E. Cape MEC orders graft probe after two workers are killed at troubled district municipality

The Eastern Cape provincial government has instituted a forensic investigation into the Amathole district municipality amid allegations of killings of workers who have blown the whistle on corruption and maladministration in the embattled council.

Simmering tensions between unions and the council’s top administrators have burst into the open, and the South African Municipal Workers’ Union (Samwu) has declared “war” on allegedly corrupt senior officials in the municipality.   

“Without fear or favour we are saying this must come to an end,” a Samwu member said of the corruption crippling the council. 

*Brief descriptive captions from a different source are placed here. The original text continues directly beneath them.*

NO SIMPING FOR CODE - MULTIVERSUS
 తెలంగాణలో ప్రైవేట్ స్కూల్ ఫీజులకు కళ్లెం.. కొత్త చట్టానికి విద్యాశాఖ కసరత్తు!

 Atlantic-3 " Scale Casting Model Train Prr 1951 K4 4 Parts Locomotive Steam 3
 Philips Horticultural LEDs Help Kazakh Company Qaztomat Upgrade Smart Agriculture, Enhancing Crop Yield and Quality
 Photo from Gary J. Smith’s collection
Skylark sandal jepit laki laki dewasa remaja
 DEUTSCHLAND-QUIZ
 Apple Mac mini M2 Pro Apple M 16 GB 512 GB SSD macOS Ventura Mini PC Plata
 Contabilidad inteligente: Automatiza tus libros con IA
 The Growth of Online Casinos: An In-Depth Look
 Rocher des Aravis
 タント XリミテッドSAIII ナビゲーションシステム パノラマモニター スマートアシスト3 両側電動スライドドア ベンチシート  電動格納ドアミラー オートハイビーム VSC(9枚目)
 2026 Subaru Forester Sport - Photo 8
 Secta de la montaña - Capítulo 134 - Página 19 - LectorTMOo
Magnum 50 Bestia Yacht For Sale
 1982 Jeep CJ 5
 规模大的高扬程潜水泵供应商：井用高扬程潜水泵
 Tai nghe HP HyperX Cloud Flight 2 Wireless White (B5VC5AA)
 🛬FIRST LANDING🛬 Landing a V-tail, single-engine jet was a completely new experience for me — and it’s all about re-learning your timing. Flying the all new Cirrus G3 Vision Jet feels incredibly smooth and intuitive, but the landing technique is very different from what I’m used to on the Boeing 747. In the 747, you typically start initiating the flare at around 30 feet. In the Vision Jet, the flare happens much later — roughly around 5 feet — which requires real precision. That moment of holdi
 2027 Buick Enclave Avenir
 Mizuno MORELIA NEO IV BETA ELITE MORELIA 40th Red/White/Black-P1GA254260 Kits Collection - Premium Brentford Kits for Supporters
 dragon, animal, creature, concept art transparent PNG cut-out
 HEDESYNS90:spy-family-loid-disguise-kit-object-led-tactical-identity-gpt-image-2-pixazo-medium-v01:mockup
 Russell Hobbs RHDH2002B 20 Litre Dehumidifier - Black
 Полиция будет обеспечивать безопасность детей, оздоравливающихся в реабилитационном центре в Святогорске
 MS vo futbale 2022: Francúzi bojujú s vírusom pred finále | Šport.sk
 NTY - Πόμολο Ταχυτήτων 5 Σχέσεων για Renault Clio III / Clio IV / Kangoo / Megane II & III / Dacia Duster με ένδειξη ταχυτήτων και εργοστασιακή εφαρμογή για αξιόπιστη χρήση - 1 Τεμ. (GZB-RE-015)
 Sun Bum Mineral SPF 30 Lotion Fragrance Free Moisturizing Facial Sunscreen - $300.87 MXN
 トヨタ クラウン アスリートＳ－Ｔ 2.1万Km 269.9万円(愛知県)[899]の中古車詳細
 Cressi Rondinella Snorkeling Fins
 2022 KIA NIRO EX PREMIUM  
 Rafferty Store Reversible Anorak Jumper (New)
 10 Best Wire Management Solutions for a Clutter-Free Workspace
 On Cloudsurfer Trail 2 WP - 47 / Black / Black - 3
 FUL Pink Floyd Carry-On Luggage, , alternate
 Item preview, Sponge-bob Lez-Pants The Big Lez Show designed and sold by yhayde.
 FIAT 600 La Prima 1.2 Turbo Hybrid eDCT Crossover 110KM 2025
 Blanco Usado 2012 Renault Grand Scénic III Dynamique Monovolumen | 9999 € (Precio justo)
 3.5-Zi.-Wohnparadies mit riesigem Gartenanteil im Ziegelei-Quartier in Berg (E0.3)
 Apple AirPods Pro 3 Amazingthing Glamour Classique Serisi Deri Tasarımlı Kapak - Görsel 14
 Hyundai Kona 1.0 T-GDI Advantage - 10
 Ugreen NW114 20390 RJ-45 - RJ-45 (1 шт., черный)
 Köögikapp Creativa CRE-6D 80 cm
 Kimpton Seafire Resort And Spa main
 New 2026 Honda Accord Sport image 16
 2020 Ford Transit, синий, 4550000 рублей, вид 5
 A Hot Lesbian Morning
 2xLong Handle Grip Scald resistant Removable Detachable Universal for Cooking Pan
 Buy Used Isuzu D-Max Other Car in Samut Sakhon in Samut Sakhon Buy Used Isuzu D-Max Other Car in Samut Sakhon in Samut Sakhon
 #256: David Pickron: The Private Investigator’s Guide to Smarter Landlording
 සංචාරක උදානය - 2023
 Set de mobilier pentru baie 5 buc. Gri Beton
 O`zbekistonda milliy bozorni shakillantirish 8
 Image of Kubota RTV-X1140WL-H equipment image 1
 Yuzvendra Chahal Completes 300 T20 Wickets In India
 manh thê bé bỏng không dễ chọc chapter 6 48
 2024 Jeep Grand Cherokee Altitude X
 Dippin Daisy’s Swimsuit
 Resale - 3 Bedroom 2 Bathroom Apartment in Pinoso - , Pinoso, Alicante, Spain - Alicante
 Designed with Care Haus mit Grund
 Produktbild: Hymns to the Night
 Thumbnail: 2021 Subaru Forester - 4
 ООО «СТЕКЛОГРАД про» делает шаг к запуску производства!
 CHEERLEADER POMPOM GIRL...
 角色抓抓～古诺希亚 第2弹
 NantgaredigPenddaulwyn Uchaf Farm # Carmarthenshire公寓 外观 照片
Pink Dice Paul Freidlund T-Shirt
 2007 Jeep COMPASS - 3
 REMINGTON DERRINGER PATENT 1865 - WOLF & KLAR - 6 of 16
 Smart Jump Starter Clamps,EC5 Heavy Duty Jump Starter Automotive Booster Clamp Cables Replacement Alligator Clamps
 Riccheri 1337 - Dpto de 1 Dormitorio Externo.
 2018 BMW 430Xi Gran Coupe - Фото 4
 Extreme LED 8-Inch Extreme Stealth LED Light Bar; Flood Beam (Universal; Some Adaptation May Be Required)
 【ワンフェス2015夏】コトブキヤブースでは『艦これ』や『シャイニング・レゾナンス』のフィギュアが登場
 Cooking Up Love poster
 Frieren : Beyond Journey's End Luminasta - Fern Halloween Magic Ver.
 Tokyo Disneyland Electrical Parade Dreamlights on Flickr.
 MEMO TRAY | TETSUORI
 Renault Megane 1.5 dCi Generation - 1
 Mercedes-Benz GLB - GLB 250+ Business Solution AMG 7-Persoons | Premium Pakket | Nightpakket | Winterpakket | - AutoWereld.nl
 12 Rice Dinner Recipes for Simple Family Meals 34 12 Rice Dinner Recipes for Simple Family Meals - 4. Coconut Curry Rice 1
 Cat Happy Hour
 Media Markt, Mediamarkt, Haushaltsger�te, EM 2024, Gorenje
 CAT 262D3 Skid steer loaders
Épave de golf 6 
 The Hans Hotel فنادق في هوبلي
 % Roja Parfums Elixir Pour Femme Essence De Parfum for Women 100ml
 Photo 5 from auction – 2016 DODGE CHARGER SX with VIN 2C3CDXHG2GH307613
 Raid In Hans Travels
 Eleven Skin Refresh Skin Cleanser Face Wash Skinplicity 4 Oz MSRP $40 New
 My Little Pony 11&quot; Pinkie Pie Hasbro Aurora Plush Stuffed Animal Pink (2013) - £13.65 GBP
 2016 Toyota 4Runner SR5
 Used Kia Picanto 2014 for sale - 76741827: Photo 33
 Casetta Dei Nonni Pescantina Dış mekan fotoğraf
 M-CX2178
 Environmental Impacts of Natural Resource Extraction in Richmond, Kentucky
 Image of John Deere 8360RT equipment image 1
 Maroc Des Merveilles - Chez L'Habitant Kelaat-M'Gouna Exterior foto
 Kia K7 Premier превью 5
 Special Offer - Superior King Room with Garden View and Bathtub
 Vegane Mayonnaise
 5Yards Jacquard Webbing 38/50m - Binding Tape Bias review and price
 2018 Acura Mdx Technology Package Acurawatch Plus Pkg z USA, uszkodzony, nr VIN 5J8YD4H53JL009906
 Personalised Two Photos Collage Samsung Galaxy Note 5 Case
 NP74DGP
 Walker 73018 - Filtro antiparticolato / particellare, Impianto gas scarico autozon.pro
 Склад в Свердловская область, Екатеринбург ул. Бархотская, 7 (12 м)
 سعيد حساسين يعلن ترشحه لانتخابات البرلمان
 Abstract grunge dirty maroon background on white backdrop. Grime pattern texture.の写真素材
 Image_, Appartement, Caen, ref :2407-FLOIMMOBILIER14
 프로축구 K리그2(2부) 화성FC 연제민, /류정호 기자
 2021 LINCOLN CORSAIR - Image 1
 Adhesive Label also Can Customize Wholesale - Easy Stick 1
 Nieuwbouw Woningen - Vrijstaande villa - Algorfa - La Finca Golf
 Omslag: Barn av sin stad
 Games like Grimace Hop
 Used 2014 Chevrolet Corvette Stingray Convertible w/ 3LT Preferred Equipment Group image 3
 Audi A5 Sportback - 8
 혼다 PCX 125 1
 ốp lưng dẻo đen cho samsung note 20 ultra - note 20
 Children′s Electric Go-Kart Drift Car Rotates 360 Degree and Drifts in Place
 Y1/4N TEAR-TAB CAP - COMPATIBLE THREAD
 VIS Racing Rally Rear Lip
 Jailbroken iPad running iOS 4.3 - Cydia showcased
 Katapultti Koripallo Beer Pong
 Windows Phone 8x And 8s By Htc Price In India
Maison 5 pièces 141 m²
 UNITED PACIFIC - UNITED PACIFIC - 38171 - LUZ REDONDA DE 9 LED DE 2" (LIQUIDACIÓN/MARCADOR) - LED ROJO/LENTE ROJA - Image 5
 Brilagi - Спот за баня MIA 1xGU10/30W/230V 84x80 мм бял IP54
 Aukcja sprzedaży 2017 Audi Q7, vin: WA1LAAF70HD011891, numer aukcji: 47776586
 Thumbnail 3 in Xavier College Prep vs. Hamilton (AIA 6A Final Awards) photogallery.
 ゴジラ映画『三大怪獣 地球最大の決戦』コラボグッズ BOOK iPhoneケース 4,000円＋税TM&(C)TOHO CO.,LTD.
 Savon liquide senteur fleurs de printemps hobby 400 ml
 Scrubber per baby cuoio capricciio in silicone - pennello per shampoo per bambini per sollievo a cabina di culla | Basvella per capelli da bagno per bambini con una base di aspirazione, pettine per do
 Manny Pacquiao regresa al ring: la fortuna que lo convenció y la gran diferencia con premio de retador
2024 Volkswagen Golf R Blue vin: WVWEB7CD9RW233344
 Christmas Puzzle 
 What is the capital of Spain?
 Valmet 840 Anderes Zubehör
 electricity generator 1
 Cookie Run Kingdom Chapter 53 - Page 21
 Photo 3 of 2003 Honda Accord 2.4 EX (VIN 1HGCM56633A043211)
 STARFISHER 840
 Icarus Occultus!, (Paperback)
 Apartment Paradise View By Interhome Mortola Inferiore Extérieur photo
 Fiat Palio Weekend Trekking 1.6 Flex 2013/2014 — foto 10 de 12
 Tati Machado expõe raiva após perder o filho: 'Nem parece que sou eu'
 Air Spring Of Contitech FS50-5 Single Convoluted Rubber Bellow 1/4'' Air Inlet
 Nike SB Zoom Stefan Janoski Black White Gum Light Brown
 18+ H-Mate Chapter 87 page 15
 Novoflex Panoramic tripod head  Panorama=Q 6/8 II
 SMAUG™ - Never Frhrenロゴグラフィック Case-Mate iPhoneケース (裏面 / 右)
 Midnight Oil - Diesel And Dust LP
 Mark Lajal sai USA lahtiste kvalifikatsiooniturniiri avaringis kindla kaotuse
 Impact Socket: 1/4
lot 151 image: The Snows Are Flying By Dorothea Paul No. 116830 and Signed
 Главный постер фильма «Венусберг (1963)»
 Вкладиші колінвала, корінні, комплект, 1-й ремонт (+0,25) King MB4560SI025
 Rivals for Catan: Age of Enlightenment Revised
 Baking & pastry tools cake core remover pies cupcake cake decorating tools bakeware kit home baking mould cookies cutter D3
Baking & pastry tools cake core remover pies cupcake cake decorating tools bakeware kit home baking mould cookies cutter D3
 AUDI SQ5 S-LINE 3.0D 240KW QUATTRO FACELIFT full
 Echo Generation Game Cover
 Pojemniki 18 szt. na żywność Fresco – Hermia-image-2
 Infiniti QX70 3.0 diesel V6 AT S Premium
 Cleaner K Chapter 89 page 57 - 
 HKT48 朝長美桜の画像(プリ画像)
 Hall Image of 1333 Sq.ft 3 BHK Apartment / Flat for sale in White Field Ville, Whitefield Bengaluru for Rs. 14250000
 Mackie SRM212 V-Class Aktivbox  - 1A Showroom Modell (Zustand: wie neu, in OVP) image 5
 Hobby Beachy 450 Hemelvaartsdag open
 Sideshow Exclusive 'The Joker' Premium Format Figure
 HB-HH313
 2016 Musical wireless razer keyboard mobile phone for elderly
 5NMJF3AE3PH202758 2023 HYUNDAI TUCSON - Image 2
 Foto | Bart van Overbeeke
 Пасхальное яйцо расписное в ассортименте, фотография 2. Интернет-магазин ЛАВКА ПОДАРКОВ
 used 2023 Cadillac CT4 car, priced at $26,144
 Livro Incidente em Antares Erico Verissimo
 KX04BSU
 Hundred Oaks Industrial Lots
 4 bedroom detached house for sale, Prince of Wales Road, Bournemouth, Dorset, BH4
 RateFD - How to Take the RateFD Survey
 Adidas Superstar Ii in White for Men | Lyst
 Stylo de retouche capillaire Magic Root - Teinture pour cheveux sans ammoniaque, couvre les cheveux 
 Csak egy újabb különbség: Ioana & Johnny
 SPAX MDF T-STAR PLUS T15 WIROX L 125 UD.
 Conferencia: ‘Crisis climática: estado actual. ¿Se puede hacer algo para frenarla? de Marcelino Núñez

“As Samwu we have protested after we heard of allegations of corruption against the municipal manager. This was after this financially struggling municipality managed to buy the mayor a R1.3-million car. We were asking [ourselves], ‘How that is possible?,” they said.

The worker was speaking on the condition of anonymity, because the union believes workers who have spoken up about the corruption have paid for this with their lives. “Now we discover these recent killings targeting workers … Especially those who are in the frontline dealing with money.” 


Makhaya Komisa, the spokesperson for co-operative governance and traditional affairs (Cogta) MEC, Xolile Nqatha, said the MEC for Cogta had approved a forensic investigation into goings on at the municipality. 

“We have already identified a service provider that will do a thorough forensic investigation into Amathole municipality, because since last year we have had whistle-blowers approaching us telling us about maladministration, fraud and corruption within the municipality,” Komisa said.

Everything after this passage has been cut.